Павел и Наталья Алексеевна откланялись довольно скоро, ссылаясь на больной зуб великой княгини, а Панин еще долго сидел и молча наблюдал за всем, что происходит. Ему не было весело, ему все вспоминался этот черный, прогнивший, растрескавшийся гроб, так тихо вплывший в нижний покой.

Что сулит это страшное предзнаменование, кому предназначен этот знак судьбы? И заранее успокоился, решив, что относится это к нему, старому царедворцу, выстоявшему в таких бурях века, видевшему столько перемен в судьбах страны, прошедший столько заговоров! Ему уже не было страшно ничего — он начинал уставать от жизни. Его, как и Павла, постигало одно разочарование за другим…

Глава шестнадцатая

— Никита Иванович, — Павел рыдал, прижавшись к плечу Панина. — Я гнусный предатель, Иуда, и нет мне в том прощения…

Никита Иванович поглаживал великого князя по узкой спине, прижимая к себе его хрупкое, тщедушное тело.

— Успокойтесь, ваше высочество, — говорил он ласковым и спокойным голосом, — расскажите все, и вам станет легче на душе…

Все еще всхлипывая и содрогаясь от душивших рыданий, Павел оторвался от наставника и бухнулся в кресло.
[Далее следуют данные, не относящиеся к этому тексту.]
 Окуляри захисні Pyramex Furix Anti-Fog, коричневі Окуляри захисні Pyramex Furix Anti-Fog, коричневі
— Матушка призвала меня и строго расспрашивала, что за заговор образовал я…

— Но ведь никакого заговора нет и быть не могло, — встревожился Никита Иванович, — а все разговоры и наша пустая болтовня никогда ни к чему не приведут…
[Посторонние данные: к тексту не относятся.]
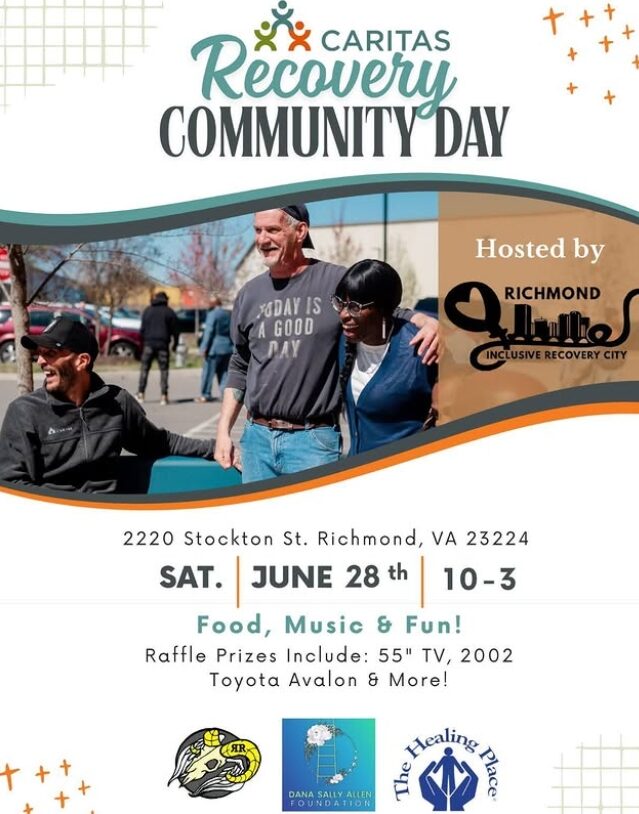 CARITAS Recovery Community Day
— Вы не знаете, граф, что я наделал! Матушка выспросила меня обо всем, и я был вынужден все ей рассказать.

— Да что же?

— Я назвал лиц, которые ближе всех стоят ко мне, и что говорили, и о конституционном проекте вашем с Фонвизиным, и о…

— И о записке Салдерну?

— Вы знаете?

— Конечно, — Никита Иванович пожал плечами.

— Я составил, по требованию матушки, весь список лиц… Она оказалась такой великодушной, что бросила его в огонь, не читая… Но моя подпись в бумаге Сальдерну может стать роковой. Если ее найдут, мне не избежать обвинения в государственной измене…

— В списке все те, кто бывает на ваших обедах и вечерах?

Павел кивнул головой. Вид у него был измученный.

— Великий князь, — успокоил его Панин. — Прежде всего, успокойтесь, ваша матушка слишком умна, чтобы досужие разговоры превратить в государственный заговор. А вот записка Сальдерну с вашей подписью — это действительно плохо. Обещайте мне, что вы никогда, ни при каких обстоятельствах не подпишитесь под каким-либо документом, не зная автора так же хорошо, как меня…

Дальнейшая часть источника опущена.